Ambos os opositores aparentes do Ocidente assentam numa base económica muito
frágil – tal e qual como as economias altamente endividadas da Europa Ocidental
e dos Estados Unidos. Nem a Rússia nem a China têm uma dinâmica de acumulação
interna resultante da valorização auto-sustentável do capital na produção de
mercadorias. A estabilização sócio-económica da Federação Russa sob Putin é
devida à orientação do país para a exportação de matérias-primas, cujas receitas
agora já não são totalmente extorquidas para fora do país por uma casta
oligárquica voraz. O sector das matérias-primas – para além da indústria de
armamento – constitui a única indústria da Rússia que é competitiva
internacionalmente, enquanto os restantes sectores económicos, que sofrem de um
enorme sub-investimento, nunca recuperaram do colapso do socialismo de Estado. A
economia da Rússia está, portanto, dependente ao mais alto grau da evolução da
conjuntura económica no centro do sistema mundial, que influencia decisivamente
os preços das matérias-primas.
Durante anos
foi a dependência da China dos centros do sistema mundial nos elevados
excedentes comerciais que actuou como propulsor económico e fonte de divisas e
só ela permitiu a modernização capitalista tempestuosa do país.

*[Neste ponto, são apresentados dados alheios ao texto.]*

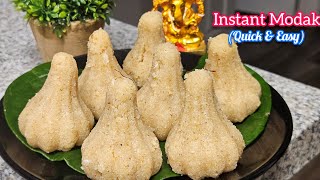 వినాయకచవితి స్పెషల్ ఇన్స్టంట్ మోదకాలు | Instant Modak Recipe | Ganesh Chaturthi Prasad Recipes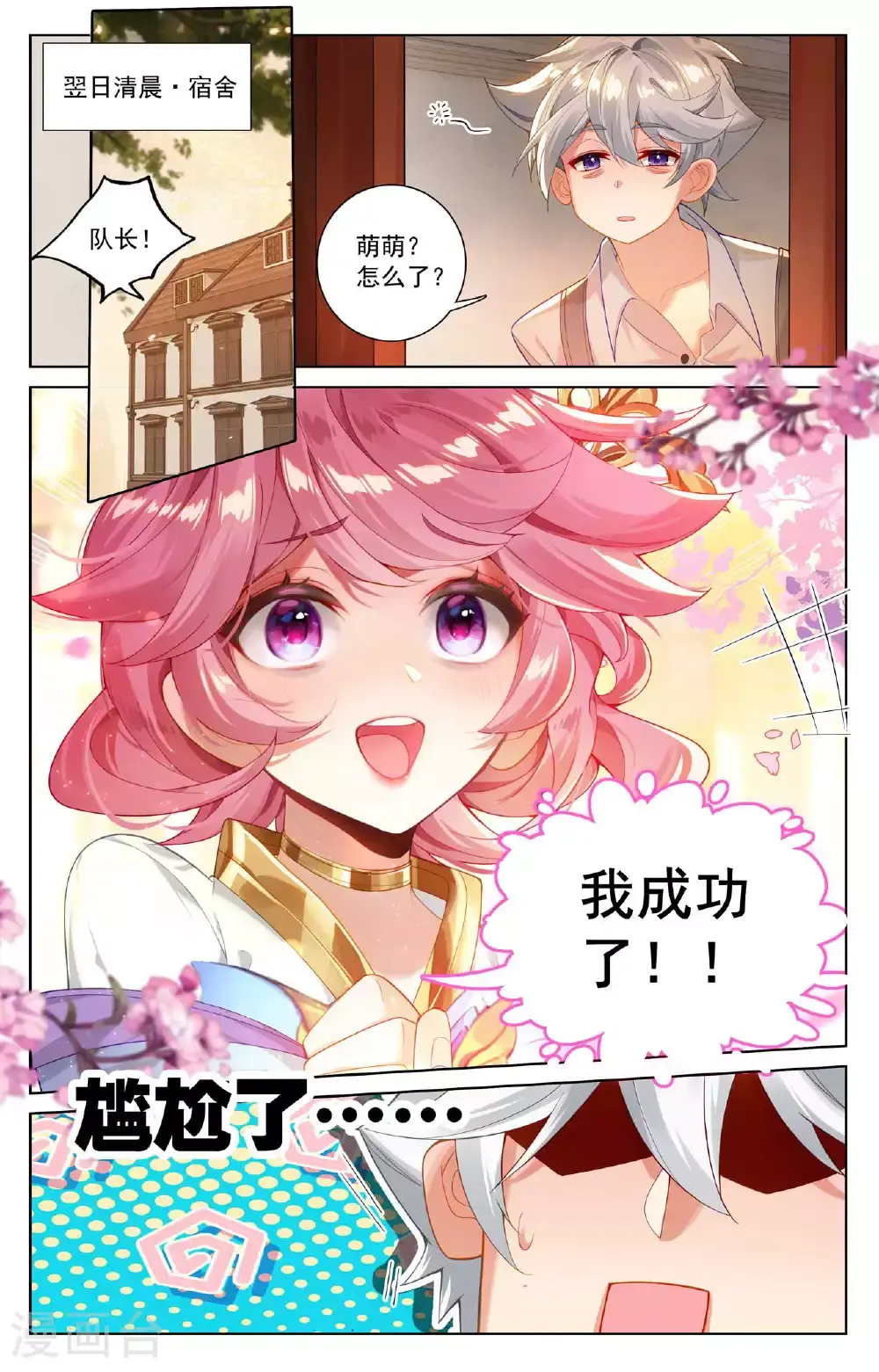 第176话 宝贝萌萌 第6页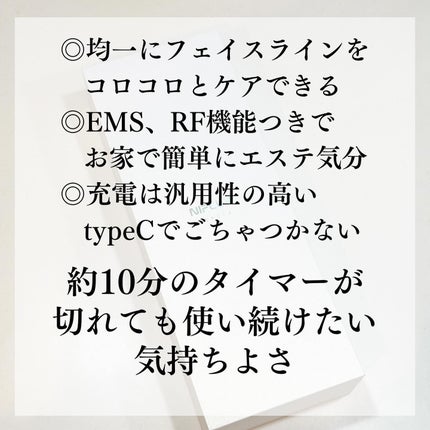 BEROLA/NIPLUX/美顔器・マッサージを使ったクチコミ(5枚目)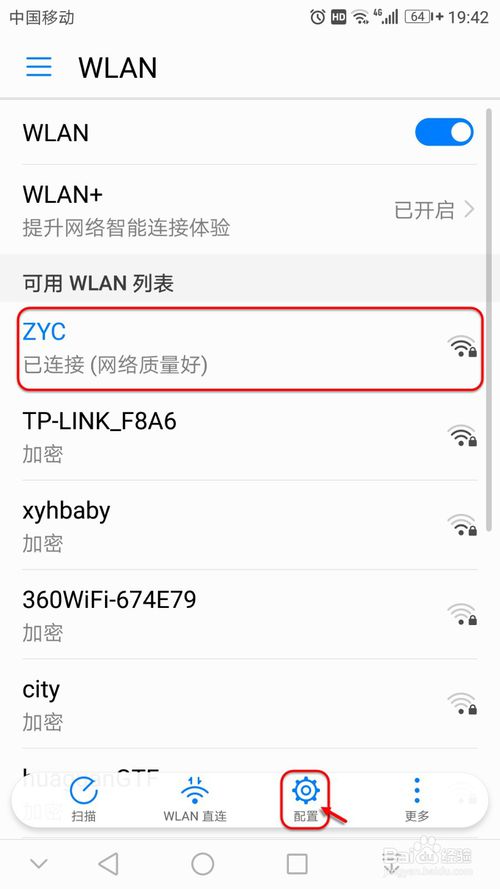 wifi被蹭怎么改密码,如何设置随身wifi密码不被蹭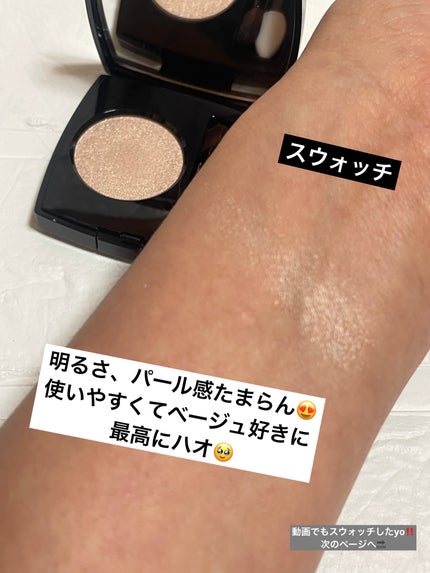 オンブル エサンシエル/CHANEL/単色アイシャドウを使ったクチコミ(2枚目)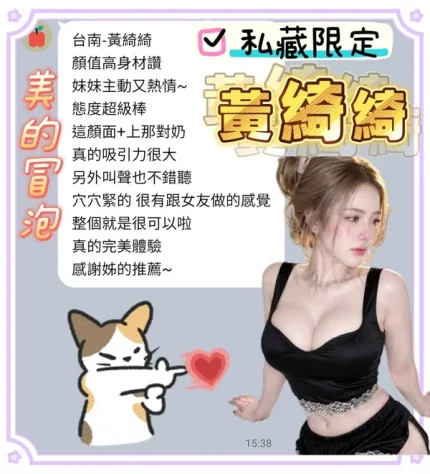 台南約砲-黃綺綺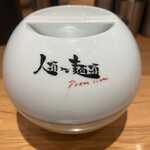 人類みな麺類 Premium - 開けた時の芳醇な香り。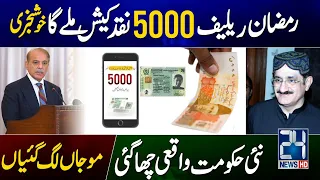 Ramzan Relief 5000 Apply | New Govt New Program 5000 | 5000 New Program Apply | 8171 | 5000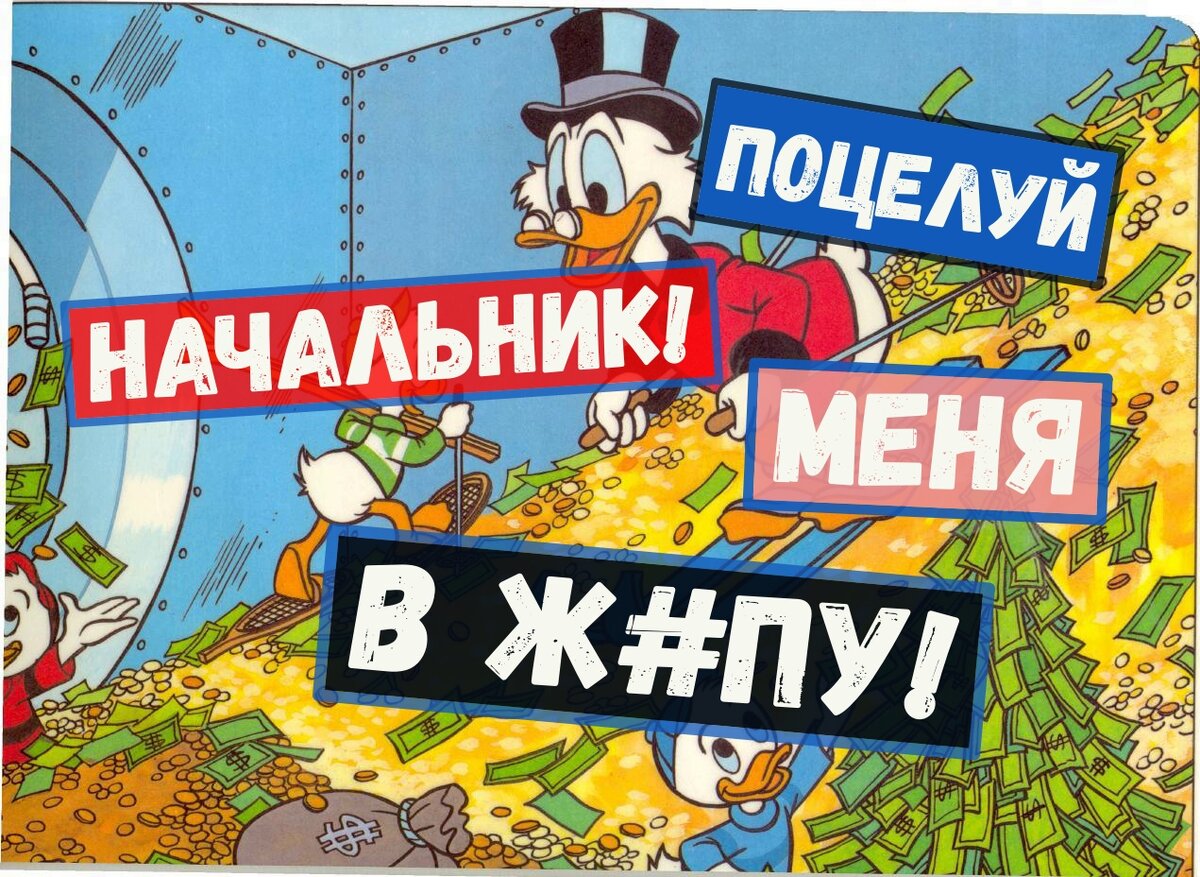 #деньги, #работаонлайн, #работаудаленно.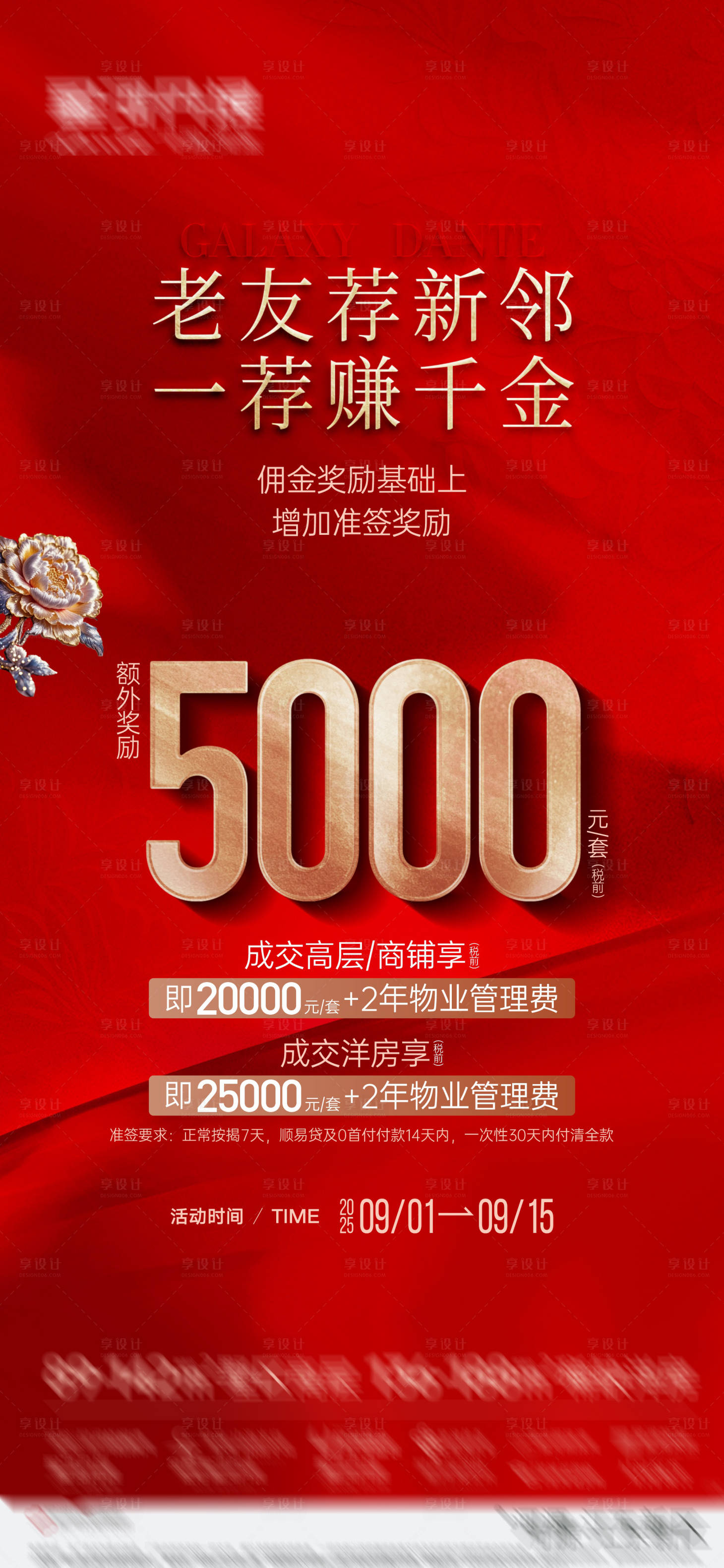 源文件下载【享设计】搜索编号：36550033412405544【渠道】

Após a eclosão
da crise de 2008, a República Popular está numa conjuntura económica de déficit
promovida pelo investimento, caracterizada pelas bolhas de dívida que aumenta
cada vez mais rapidamente. O boom do investimento e da construção financiados
pelo crédito na China, que catapultou a dívida total do país entre 2008 e início
de 2014 de cerca de 150 por cento do PIB para quase 250 por cento, vai de braço
dado com o crescimento explosivo do sector bancário sombra, onde os créditos são
concedidos de forma completamente desregulada – e de cuja extensão realmente
ninguém pode dar um número preciso. As estimativas variam aqui entre um volume
de mercado equivalente a 2,5 biliões de euros (cerca de 40 por cento do PIB da
China!) e 4,4 biliões de euros. O Estado chinês há muito que se tornou
prisioneiro de dinâmica da dívida: ele só pode tentar atrasar o pânico do
estouro da bolha – à custa da continuação do seu inchaço.
A crise
mundial do capital, que devido aos contínuos aumentos de produtividade na
produção de mercadorias embate no "limite interno" (Robert Kurz) da sua
capacidade de desenvolvimento, desenrola assim também o seu efeito devastador
nos países de capitalismo de Estado da semi-periferia. Por isso também a
analogia feita no início do texto com a época do imperialismo no século XIX
apenas na superfície geopolítica é válida, enquanto é a crise sistémica que mina
continuamente as entranhas da produção de mercadorias do capitalismo tardio.
China e
Rússia também estão marcadas por grandes contradições internas e enormes
convulsões sociais e pelo conflito latente em crescendo que traz consigo a
divisão social da sociedade. A China está literalmente dependente de altas taxas
de crescimento para que o descontentamento em fermentação não se transforme em
rebelião aberta. O mesmo se aplica à Rússia, que só pode manter sob controlo a
instabilidade sócio- económica latente através da venda a bom preço das
matérias-primas.
Os aparelhos
de Estado autoritários de ambos os países são, portanto, um sinal da fraqueza
estrutural e não da força das duas economias. Rússia e China já não podem tomar
o caminho das economias capitalistas ocidentais para um capitalismo liberal de
mercado, porque a dinâmica da crise as mantém aprisionadas na fase de
desenvolvimento de capitalismo de Estado. O Estado na semi-periferia só a muito
custo consegue manter a sua função de "capitalista colectivo ideal": aqui, o
aparelho do Estado em geral tem dificuldade em optimizar as condições de
valorização a nível do conjunto da sociedade – se necessário à custa de frações
individuais de capital. Em vez disso, estes Estados da semi-periferia, muitas
vezes agindo como capitalistas colectivos verdadeiros, degeneram no saque de
tudo o que apanham e – numa paródia mordaz da nomenklatura do socialismo de
Estado – produzem uma classe de capitalistas de Estado.
A vitória de
Putin sobre a oligarquia predadora da transformação foi comprada com o advento
de uma oligarquia estatal emergente do ministério da energia e do aparelho de
segurança, cuja riqueza e poder crescem fora do controlo das empresas públicas.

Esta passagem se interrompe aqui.